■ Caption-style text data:
>>>>>

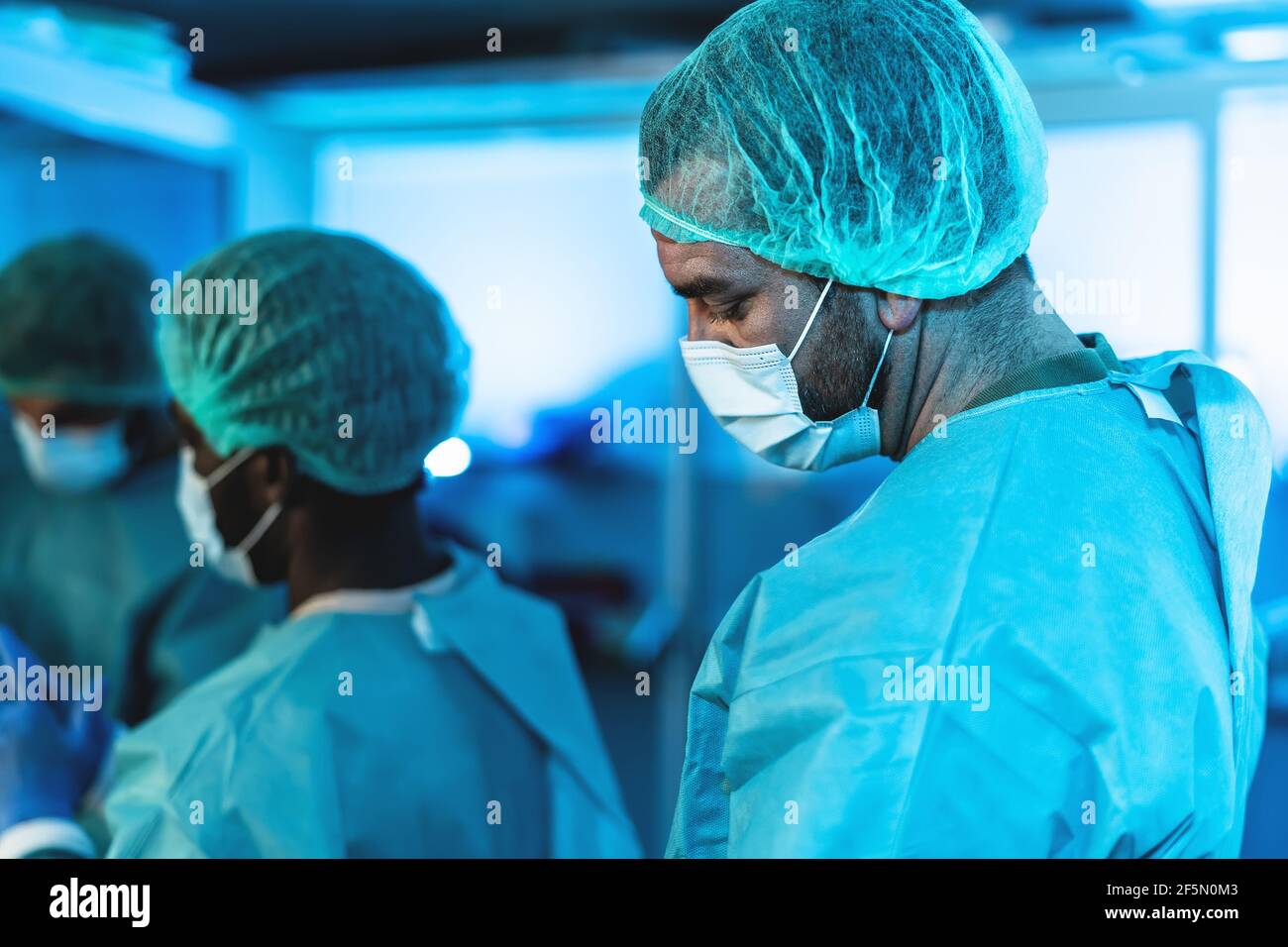 Doctors preparing inside surgical operation room - Medical workers getting ready for fighting against coronavirus pandemic Stock Photo
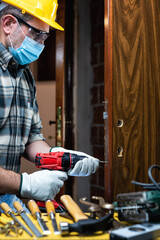 Carpenter worker at work repair and install a room door lock, wear the surgical mask to prevent Coronavirus infection. Preventing Pandemic Covid-19 at the workplace. Carpentry.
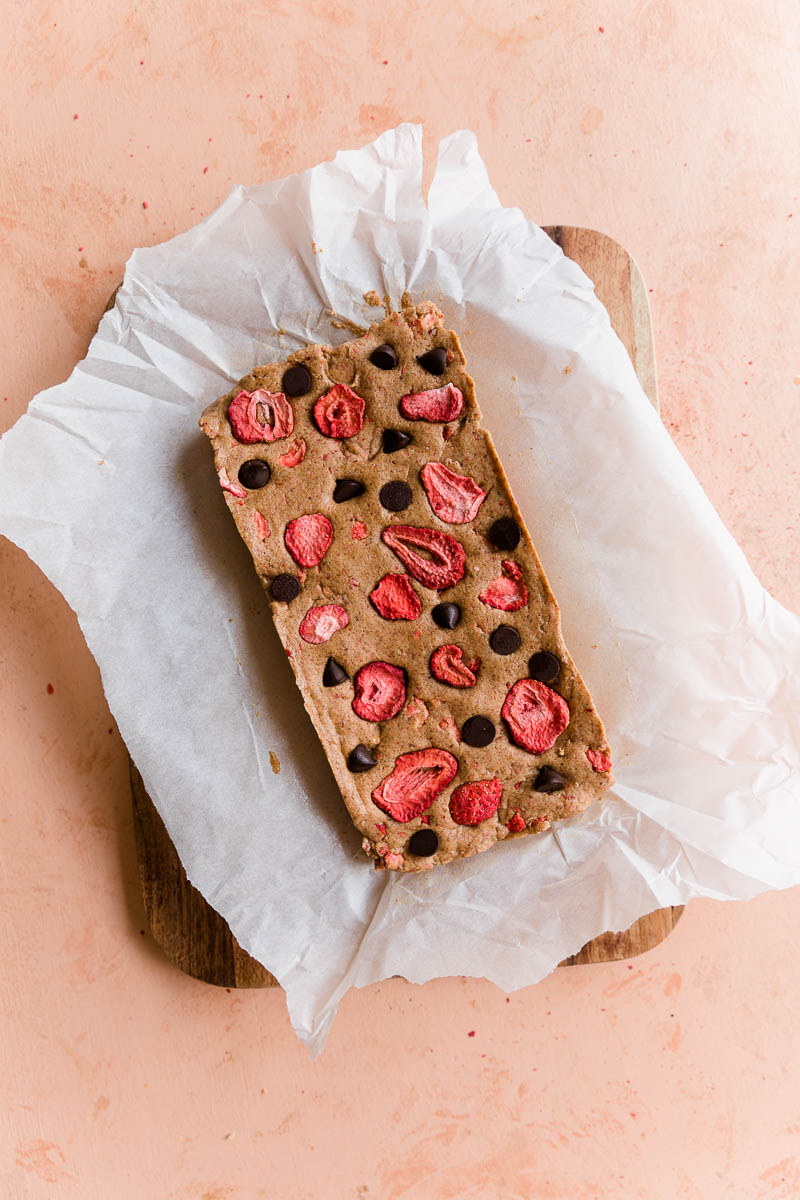 Strawberry protein bar mixture on parchment paper.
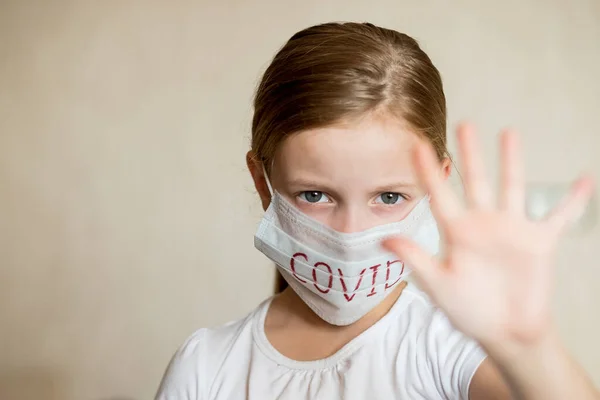 Virus mask girl wearing face protection in prevention for coronavirus showing gesture Stop Infection.Health protection and prevention during flu and infectious outbreak. child girl in medical
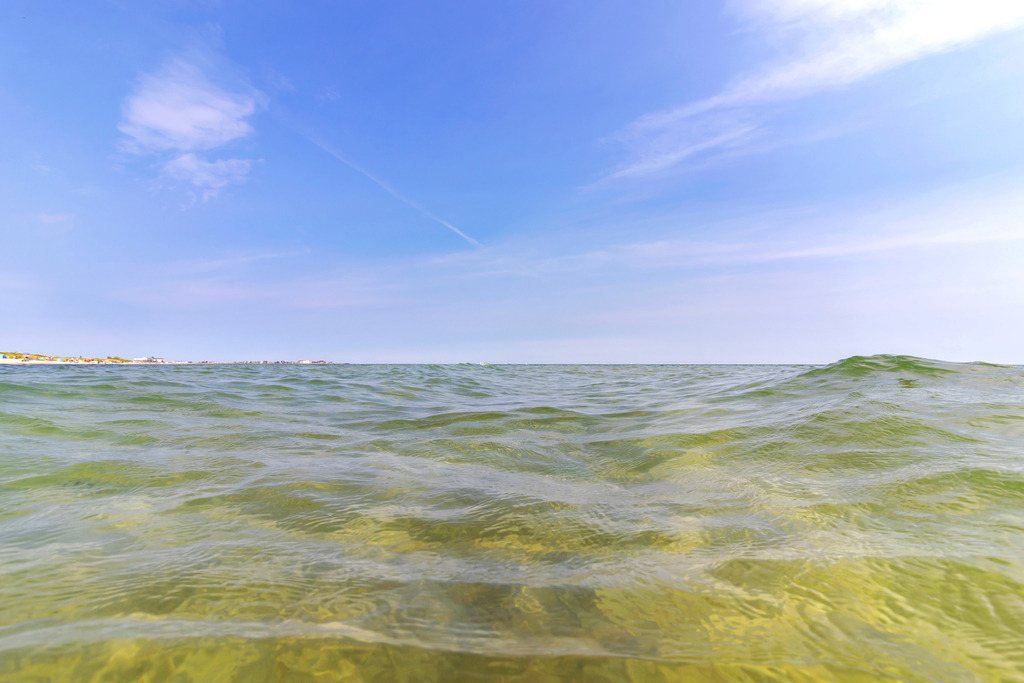 Wandbild: Badetag in Schönhagen | Dieses Wandbild im Querformat zeigt ein Foto welches in der Ostsee aufgenommen wurde. In der Ferne kann man den Sandstrand in Schönhagen erahnen. Am Himmel sind einige Schleierwolken zu sehen.  - Realisiert mit Pictrs.com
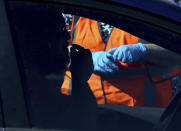 FILE - A patient takes a nasal swab for their COVID-19 Polymerase Chain Reaction (PCR) test while a worker watches during the Federal Emergency Management Agency's drive-through COVID-19 testing site at Pima Community College West Campus in Tucson, Ariz. on Monday, Jan. 24, 2022. Omicron, the highly contagious coronavirus variant sweeping across the country, is driving the daily American death toll higher than during last fall's delta wave, with deaths likely to keep rising for days or even weeks. (Rebecca Sasnett/Arizona Daily Star via AP)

<<<<<

■ WHAT YOU ARE ASKED TO DO:
Please restate the lines above exactly, starting at the first line of the data and stopping at the line containing "Wandbild: Badetag in", which is included. Omit pictures.

■ ANSWER TO THE PROBLEM:
 Doctors preparing inside surgical operation room - Medical workers getting ready for fighting against coronavirus pandemic Stock Photo
 Carpenter worker at work repair and install a room door lock, wear the surgical mask to prevent Coronavirus infection. Preventing Pandemic Covid-19 at the workplace. Carpentry.
 Strawberry protein bar mixture on parchment paper.
 Virus mask girl wearing face protection in prevention for coronavirus showing gesture Stop Infection.Health protection and prevention during flu and infectious outbreak. child girl in medical
 Wandbild: Badetag in Schönhagen | Dieses Wandbild im Querformat zeigt ein Foto welches in der Ostsee aufgenommen wurde. In der Ferne kann man den Sandstrand in Schönhagen erahnen. Am Himmel sind einige Schleierwolken zu sehen.  - Realisiert mit Pictrs.com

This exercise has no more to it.